Gene Synthesis by Self-Assembly of Small Oligonucleotide Building Blocks
20210171994 · 2021-06-10
Inventors
- Morten Lorentz Pedersen (Cophenhagen NV, DK)
- Gitte Laurette Pedersen (Montauk, NY, US)
- Tanya Sharlene Kanigan (Charlotte, VT, US)
Cpc classification
C12N15/1031
CHEMISTRY; METALLURGY
C12P19/34
CHEMISTRY; METALLURGY
International classification
C12P19/34
CHEMISTRY; METALLURGY
C12N15/10
CHEMISTRY; METALLURGY
Abstract
The invention provides a process for synthesizing genes and other long double stranded polynucleotides by assembling very short oligonucleotides into partly double stranded polynucleotides, and then connecting these partly double stranded polynucleotide subassemblies with linkers comprised of very short oligonucleotides. In one embodiment, the correct order of the polynucleotide subassemblies is coded in overhangs present at each end of the partly double stranded polynucleotide subassemblies. Linkers having a sequence complimentary to the combined overhangs connect adjacent subassemblies, which are then ligated together. In one preferred embodiment the oligos are six bases long, for which there are only 4096 different possible sequence permutations. A complete library of oligos of this size and scale can be cost-effectively synthesized and quality controlled, avoiding the typical errors and yield issues associated with phosphoramidite synthesis of longer oligos. Furthermore, the limited oligo library size supports development of a laboratory-scale gene synthesis machine.
Claims
1. A method for synthesizing a double stranded polynucleotide molecule having a predefined sequence, the method comprising the steps of: i) providing at least three single stranded oligonucleotides comprising complementary nucleotide sequence parts, ii) contacting the least three single stranded oligonucleotides provided in step i) with each other, and iii) creating at least one phosphodiester bond between any adjacent nucleotide in a self-assembled set of single stranded oligonucleotides from step ii) to create a double stranded polynucleotide of higher molecular weight than each of the single stranded oligonucleotides provided in step i).

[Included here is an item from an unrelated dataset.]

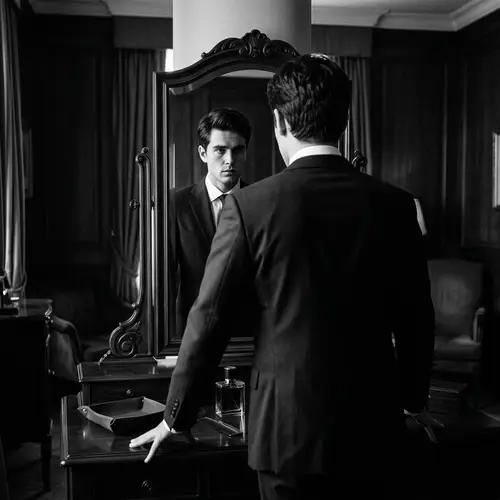 Dramatic Black and White Portrait of a Young Man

2. The method of claim 1, further comprising the steps of: i) providing at least two double stranded polynucleotide molecules having a predefined sequence produced using the steps i) through iii) of claim 1, ii) contacting the at least two double stranded polynucleotides provided in step i) with each other, and iii) creating at least one phosphodiester bond between any adjacent nucleotide in a self-assembled set of double stranded polynucleotides from step ii) to create a double stranded polynucleotide of higher molecular weight than each of the double stranded oligonucleotides provided in step i).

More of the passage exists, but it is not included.